Basic features: Digital finishing systems vs. CNC routers
Both CNC routers and CNC digital finishing systems have “knife cutting capabilities and routing capabilities,” says Russell Boudria, Multicam. Shops wanting to get into this side of the business should look at the types of substrates they want to cut before making their decision.
If the shop wants to cut sheet material, dense, hard, or raw materials, they will want to purchase a CNC router machine. If the bulk of the shop’s intended applications involve knife cutting materials, especially roll-to-roll, textiles, vinyl, and banner material, they should purchase a digital finishing machine, Boudria advises.
Chuck Donaldson, Antares Inc., agrees, saying that it is “the materials driving the industry more than the equipment.” Antares manufactures cutting tools that are used for engraving, sign, and mold making on both CNC machines and engravers. The biggest difference between engraving tools and tools for a CNC is the length of the tool.
“CNCs have better spindles than engraving machines, a tighter hold, and they turn faster,” explains Donaldson. “CNCs have become higher in precision, in speed, and volume and output than engraving machines — that is why people are spending three times more for a CNC than an engraver.”
The material on the machine dictates what tool is used to cut it or what the customer wants the end product to look like. “If a customer wants bigger products, larger format, or multiple copies …. a CNC is certainly going to make life easier,” Donaldson says.
A business must balance what it wants to use a CNC for versus the space available in its shop. Another consideration is that CNCs use a higher voltage than smaller engravers or digital finishing systems.
Applications: Digital finishing systems vs. CNC routers
Digital finishing systems can produce point-of-purchase displays and outdoor signage, but there has been “tremendous growth in interior design with wallpaper, pillows, and upholstery,” says Mark Packman, also of Multicam. ADA signage, clothing, and textiles are also in huge demand, so it’s important that shops that want to get into these markets invest in the right cutting system for their product line.
“For digital finishing, styrene, foam core, thin paper products, corrugate for packaging, rubber, or foam insulation board — if you are doing all that — the majority of your business should be digital finishing,” says Packman. “The speed of knife cutting is faster on a digital finishing system.” To cut through wood, non-ferrous metals, thicker aluminum, and composite materials, shops should look at a CNC with a larger spindle on it, he adds.
“The beauty of the grand format and CNC marketplace has to do with invention — daily invention of new substrates,” says Packman. “That allows you to be much more creative with what you can manufacture. There is daily new product development for our industry. It is fantastic.”

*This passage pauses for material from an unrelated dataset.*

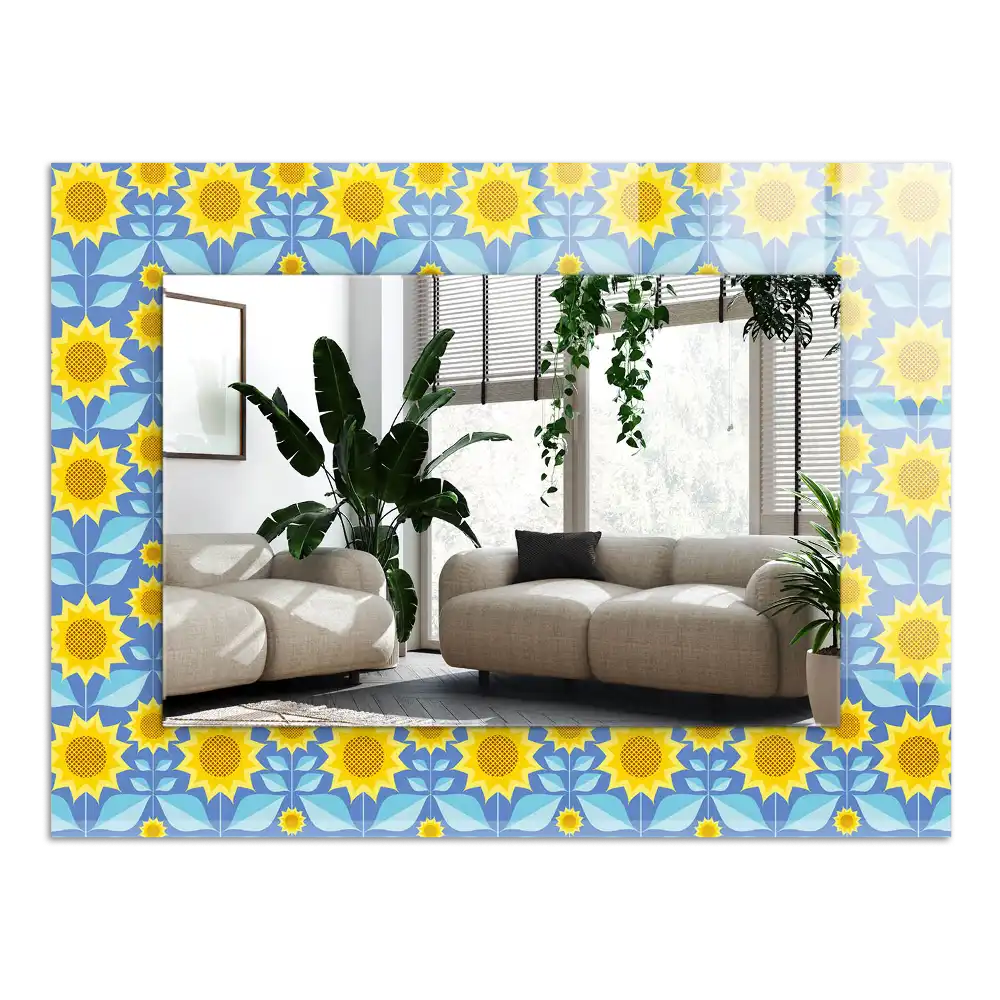 Rectangle decorative mirror Sunflowers leaves pattern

Technological advances in the grand-format printing industry have put some pressure on shops’ ability to keep up when it comes to cutting. Instead of the print side of the shop being the bottleneck, now it is the cutting side. That’s why Multicam believes it’s seeing more customers purchasing more than one cutting system. Many are buying CNC routers and digital finishing systems or more than one of each type of machine to keep up with the speed of the printers.
“There are so many markets out there, it is amazing to see what our customers bring to us to help them with,” says Boudria. “We’ve seen everything from making train batteries to shipbuilding, (and) cabinet shops to channel letters. It is amazing the products we’re involved with and get to help make.”

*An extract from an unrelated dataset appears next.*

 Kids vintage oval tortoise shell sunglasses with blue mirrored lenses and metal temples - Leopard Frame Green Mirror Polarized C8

CAMaster’s industrial CNC router can also act as a digital finisher, says Cody Smith of CAMaster. “We provide versatility for the customer. They can do aluminum dimensional letters but then on the same machine could direct print vinyl and cut out decals with the oscillating knife.”
Cesare Magnani, Biesse, adds that most CNC routers can cut a variety of different materials from typical plastics like acrylic, polypropylene, and polyethylene to more dense materials like foam, aluminum, non-ferrous metals like bronze, wood, and composites. That means that shops can use their routers to cut out small components, machinery parts, covers or tops, and structural elements.

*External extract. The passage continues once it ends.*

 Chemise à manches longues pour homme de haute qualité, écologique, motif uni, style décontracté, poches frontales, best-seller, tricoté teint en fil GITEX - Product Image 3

CNC machines have drag knives and oscillating knives as well as routing bits for carving. “We can not only work with a 3-axis machine carving vertically, but we have 4- and 5-axis solutions they can take to a different level of carving. They not only work vertically but inclined also. It has been a revolution. The machines today are not only more powerful but more affordable than they used to be. They have more capabilities and many different sizes,” Magnani says.
In the past, routers came with a 4′ X 4′ table, then 4′ X 8′, and then 5′ X 12′. Now there are huge machines — up to 7′ X 40′ — depending on the application.